Thématique : Mesures de blocage des FAI : qui doit payer ?

Résumé

La question du financement des mesures de blocage ordonnées par un juge aux fournisseurs d’accès à Internet (FAI) suscite des débats. Dans une affaire de blocage d’un site de téléchargement illégal, la SCPP a demandé que les FAI prennent en charge ces coûts. Cependant, le Conseil Constitutionnel a statué que les dépenses liées aux interceptions de sécurité ne peuvent pas être imputées aux opérateurs, car elles relèvent de l’intérêt général. De même, la CJUE a souligné que ces injonctions pourraient nuire à la liberté d’entreprise des FAI, qui ne sont pas responsables des atteintes aux droits de propriété intellectuelle.

Qui doit supporter le coût du blocage d’un domaine ordonné aux FAI par un juge ?  Dans cette affaire de blocage de l’accès à un site de téléchargement contrefaisant d’œuvres phonographiques, la SCPP demandait la prise en charge financière des mesures de blocage du domaine par les fournisseurs d’accès (FAI).

Position du Conseil Constitutionnel

Le Conseil Constitutionnel dans sa décision du 28 décembre 2000 a, à propos des frais engendrés par les interceptions de sécurité demandées aux opérateurs, indiqué que : « Considérant que, s’il est loisible au législateur, dans le respect des libertés constitutionnellement garanties, d’imposer aux opérateurs de réseaux de télécommunications de mettre en place et de faire fonctionner les dispositifs techniques permettant les interceptions justifiées par les nécessités de la sécurité publique, le concours ainsi apporté à la sauvegarde de l’ordre public, dans l’intérêt général de la population, est étranger à l’exploitation des réseaux de télécommunications ; que les dépenses en résultant ne sauraient dès lors, en raison de leur nature, incomber directement aux opérateurs».

Position de la CJUE

La CJUE a dit pour droit dans l’arrêt SABAM / Netlog (CJUE, 16 févr. 2012, aff.
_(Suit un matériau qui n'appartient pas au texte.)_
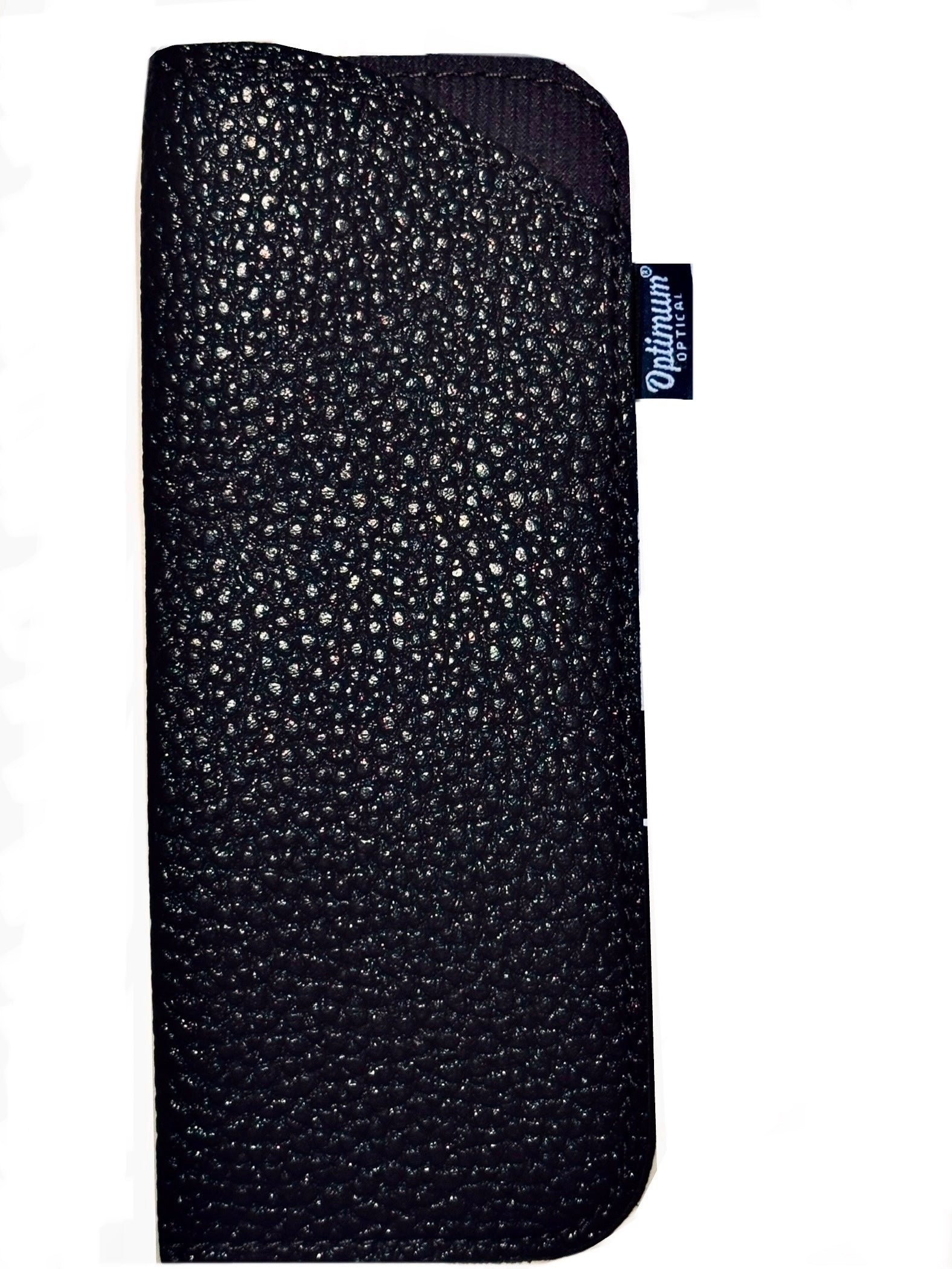 Case Textured Slip In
C-360/10) que « Une telle injonction entraînerait une atteinte caractérisée à la liberté d’entreprise du fournisseurs d’accès Internet concerné puisqu’elle l’obligerait à mettre en place un système informatique complexe, coûteux, permanent et à ses seuls frais, ce qui serait d’ailleurs contraire aux conditions prévues à l’article 3, paragraphe 1, de la directive 2004/48, qui exige que les mesures pour assurer le respect des droits de propriété intellectuelle ne soient pas inutilement complexes ou coûteuses». Elle a réaffirmé sa position dans la décision Telekabel, rendue le 27 mars 2014, en rappelant que l’injonction limitait la liberté d’entreprendre du fournisseur d’accès à l’internet, notamment en ce qu’elle « 1’oblige à prendre des mesures qui sont susceptibles de représenter pour celui-ci un coût important », alors même qu’il « n’est pas l’auteur de l’atteinte au droit fondamental de propriété intellectuelle ayant provoqué l’adoption de ladite injonction ».

Dès lors, le coût des mesures ordonnées ne peut être mis à la charge des FAI qui ont l’obligation de les mettre en oeuvre.  Il appartient aux FAI de solliciter, s’ils le souhaitent, le paiement de leurs frais auprès des demandeurs à une instance, eu égard aux mesures effectivement prises et aux dépenses engagées spécifiquement pour l’application des injonctions qui leur sont faites.